## INSTRUCTIONS TO FOLLOW
All of the listing should be output exactly, apart from the pictures.

## DATASET
★ ★ ★ ★

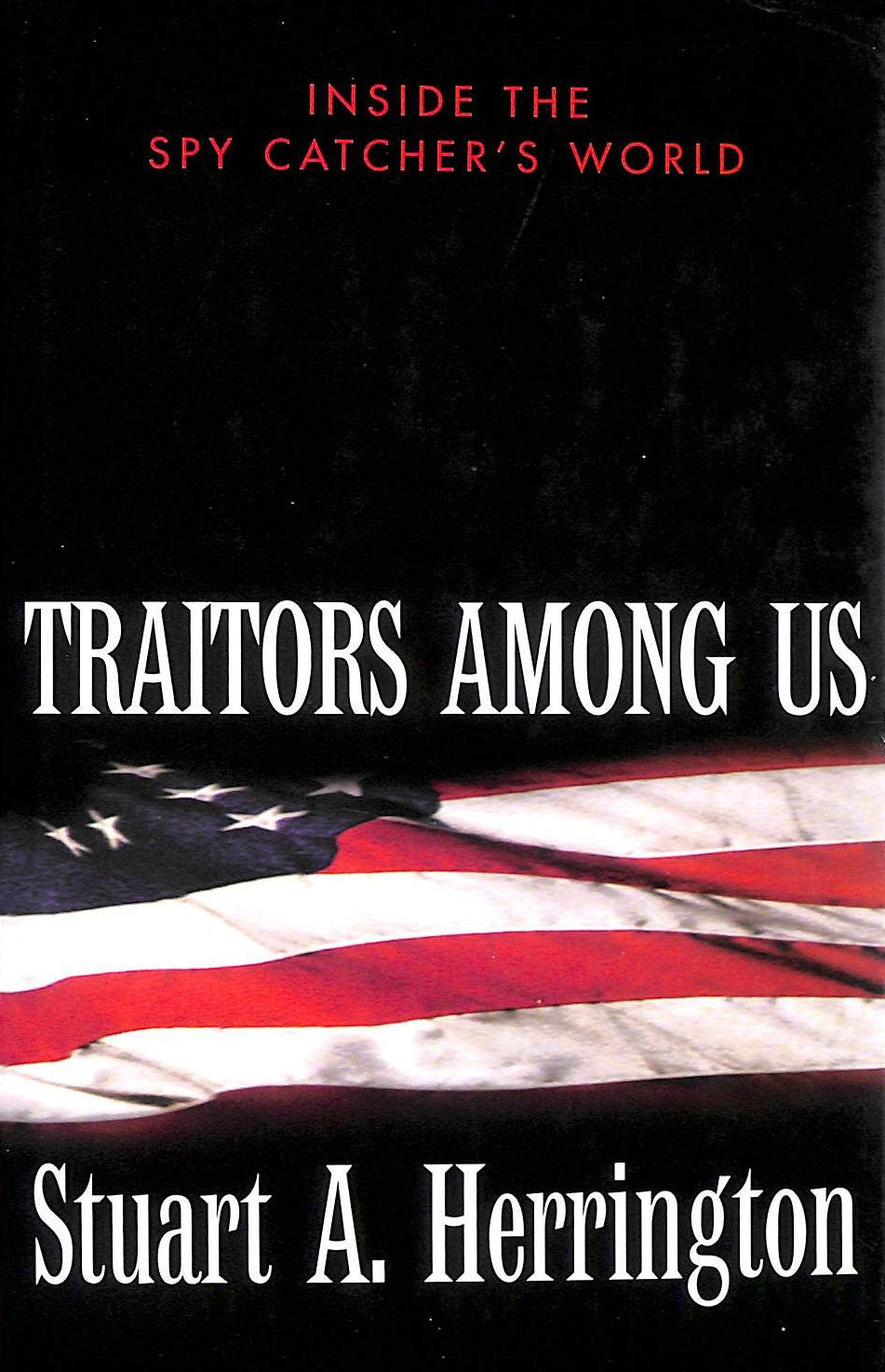 Traitors Among Us: Inside the Spy Catcher's World,Used
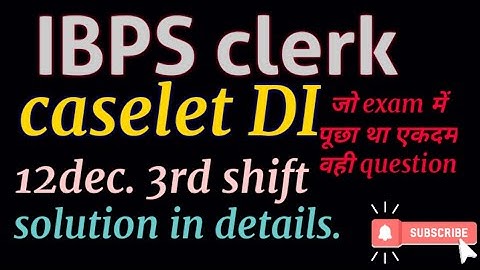 IBPS clerk caselet DI asked 12 dec 3rd shift 2020  || IBPS clerk memory based paper || caselet DI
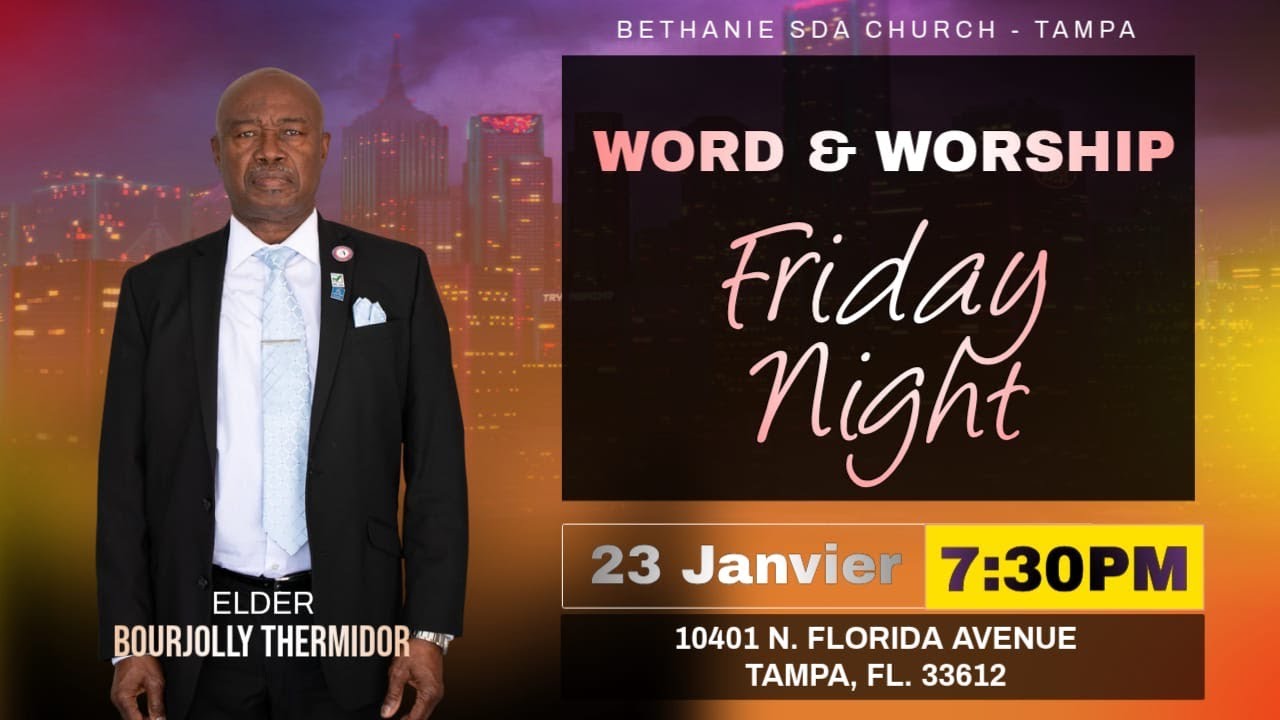 WORD AND WORSHIP | ELDER BOURJOLLY THERMIDOR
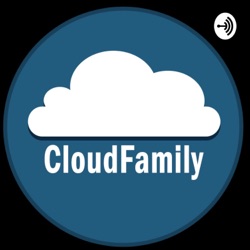 CloudFamily - Brought to you by Gregor Suttie and Richard Hooper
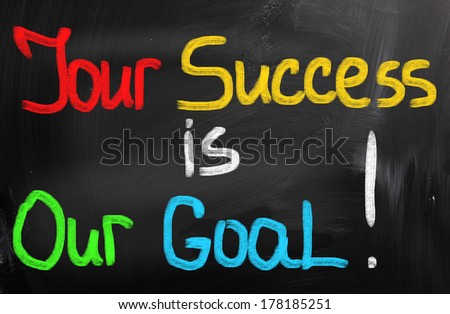 Your Success Is Our Goal Concept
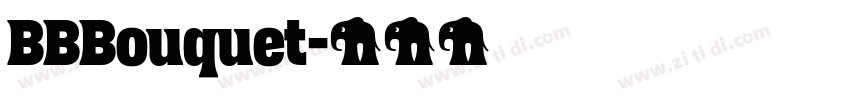 BBBouquet字体转换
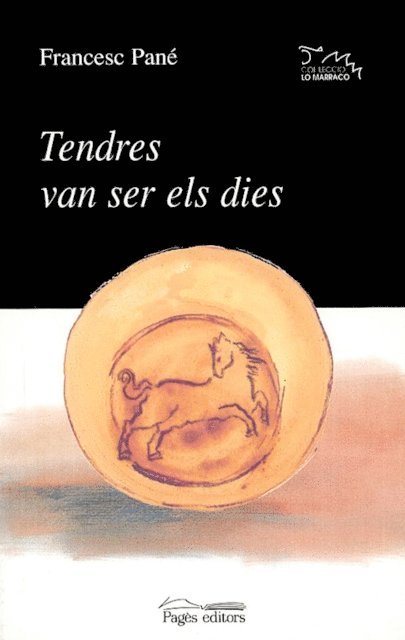 Francesc Pane i Sans - Tendres van ser els dies, E-bok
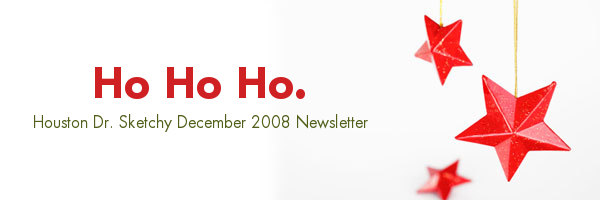 Houston Dr. Sketchy December 2008 newsletter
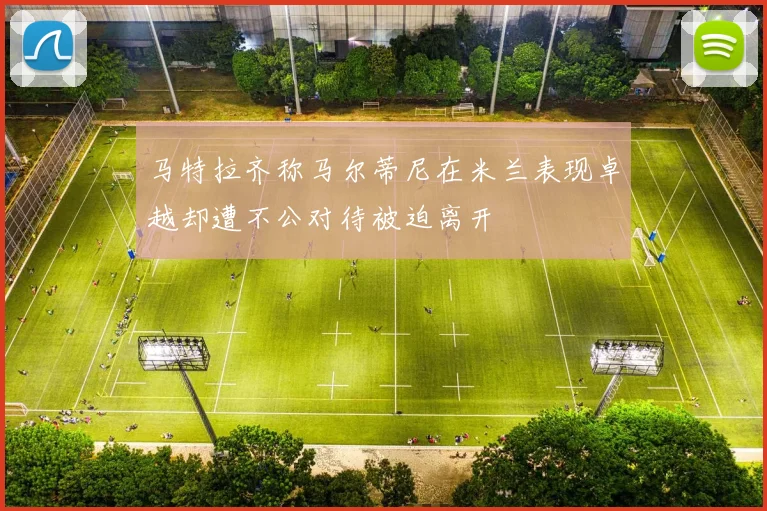 马特拉齐称马尔蒂尼在米兰表现卓越却遭不公对待被迫离开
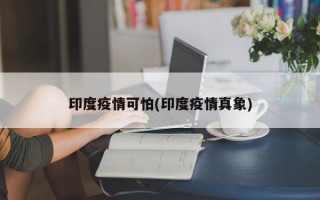 印度疫情可怕(印度疫情真象)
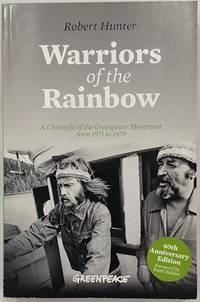 Warriors of the Rainbow A Chronicle of the Greenpeace Movement from 1971  to 1979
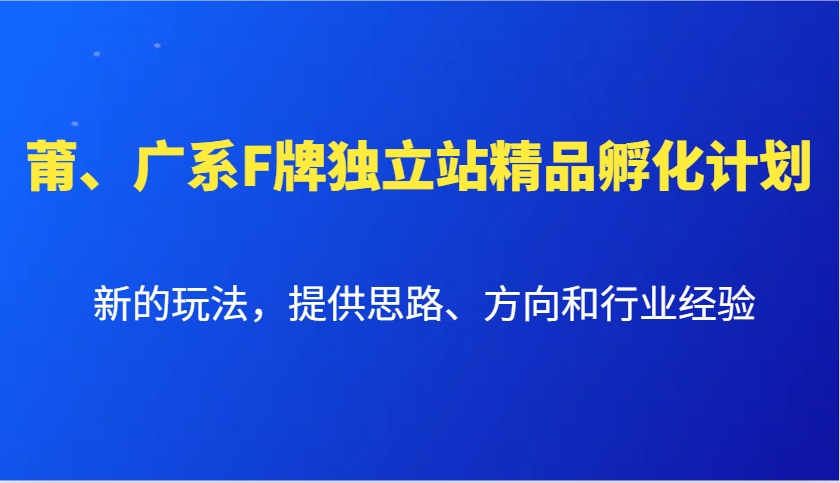 莆、广系F牌独立站精品孵化计划，新的玩法，提供思路、方向和行业经验-甄选网创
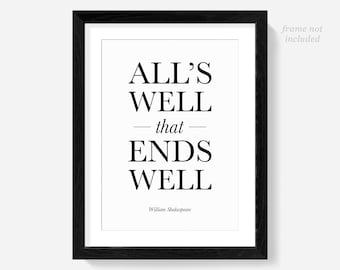 Shakespeare "All's Well That Ends Well" Quote Poster Print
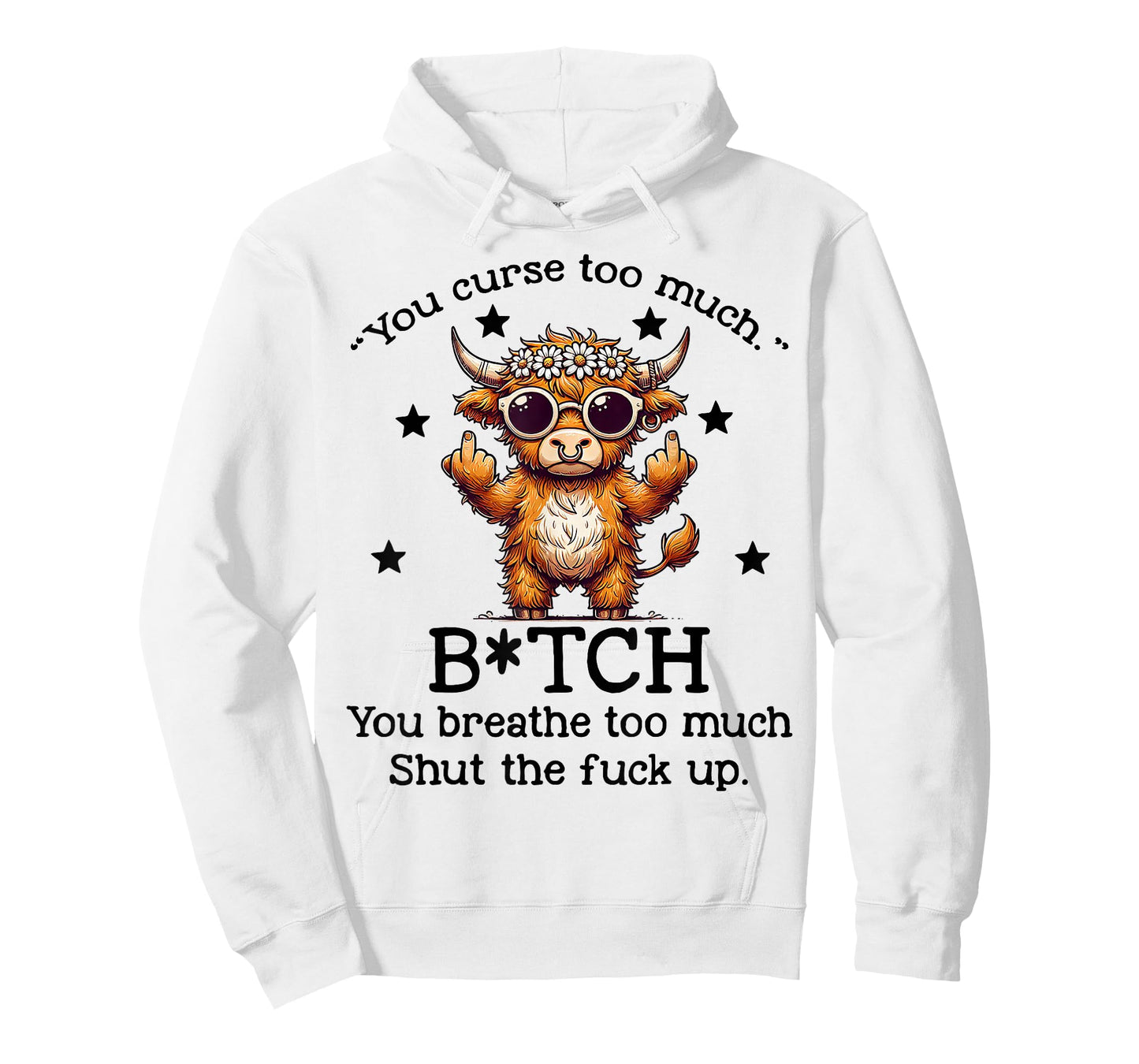 Cow You Curse Too Much Bitch You Breathe Too Much Shut T-Shirt
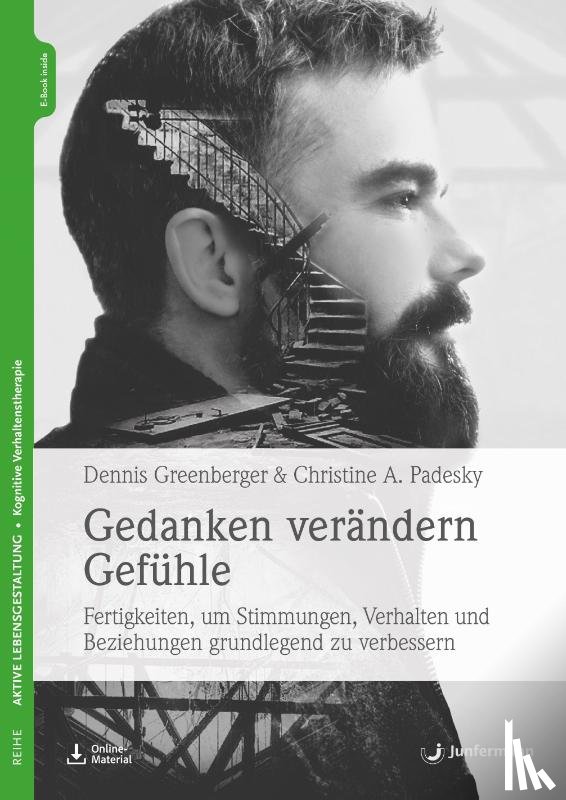 Greenberger, Dennis, Padesky, Christine A. - Gedanken verändern Gefühle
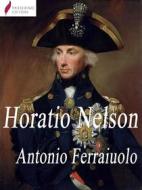 Ebook Horatio Nelson di Antonio Ferraiuolo edito da Passerino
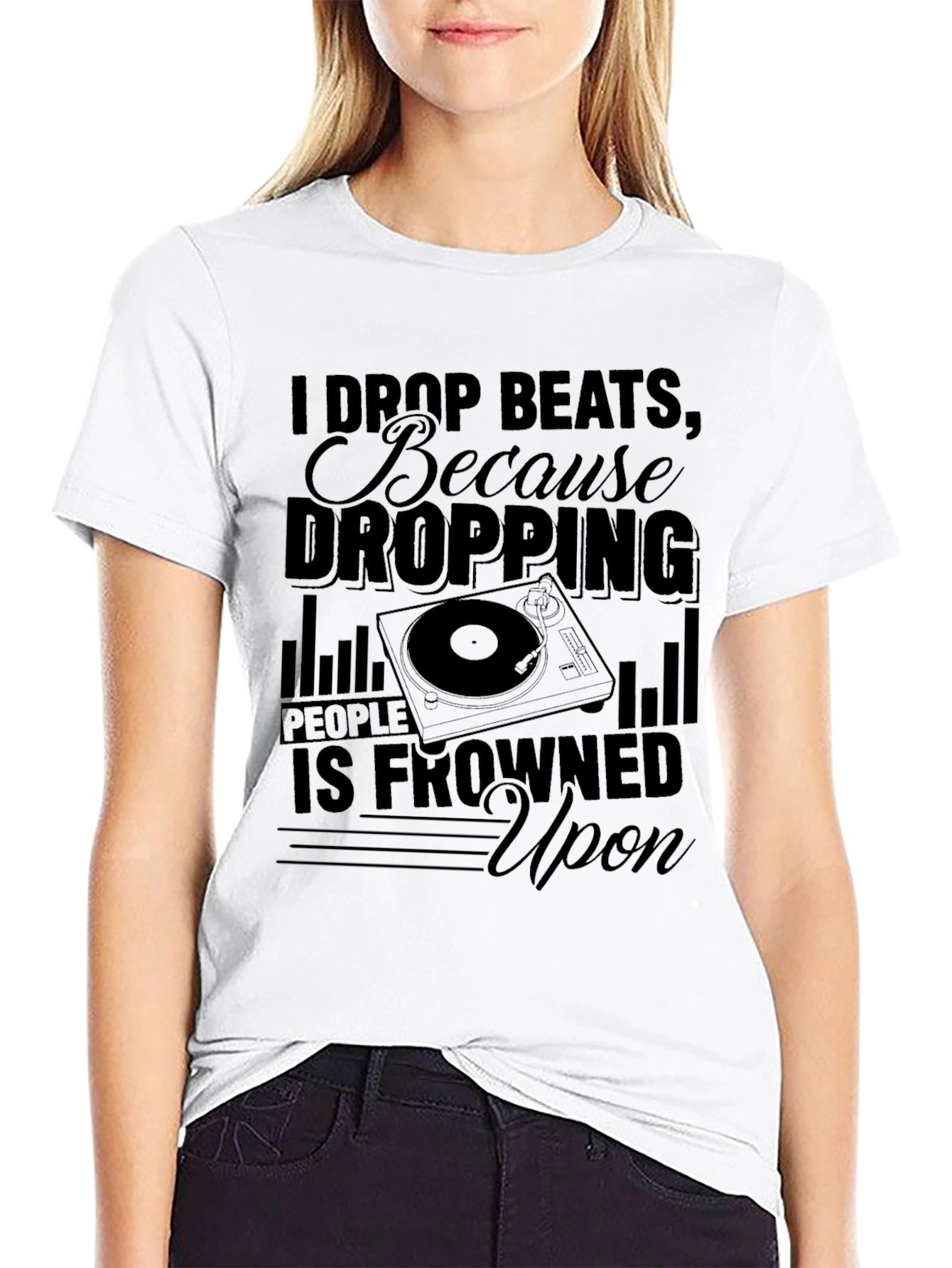I Drop Beats T-Shirt - DJ Humor Tee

★ ★ ★ ★

## RESPONSE TO THE TASK
 Traitors Among Us: Inside the Spy Catcher's World,Used
 IBPS clerk caselet DI asked 12 dec 3rd shift 2020  || IBPS clerk memory based paper || caselet DI
 WORD AND WORSHIP | ELDER BOURJOLLY THERMIDOR
 CloudFamily - Brought to you by Gregor Suttie and Richard Hooper
 Your Success Is Our Goal Concept
 BBBouquet字体转换
 Francesc Pane i Sans - Tendres van ser els dies, E-bok
 Houston Dr. Sketchy December 2008 newsletter
 马特拉齐称马尔蒂尼在米兰表现卓越却遭不公对待被迫离开
 印度疫情可怕(印度疫情真象)
 Warriors of the Rainbow A Chronicle of the Greenpeace Movement from 1971  to 1979
 莆、广系F牌独立站精品孵化计划，新的玩法，提供思路、方向和行业经验-甄选网创
 Shakespeare "All's Well That Ends Well" Quote Poster Print
 Cow You Curse Too Much Bitch You Breathe Too Much Shut T-Shirt
 Greenberger, Dennis, Padesky, Christine A. - Gedanken verändern Gefühle
 Ebook Horatio Nelson di Antonio Ferraiuolo edito da Passerino
I Drop Beats T-Shirt - DJ Humor Tee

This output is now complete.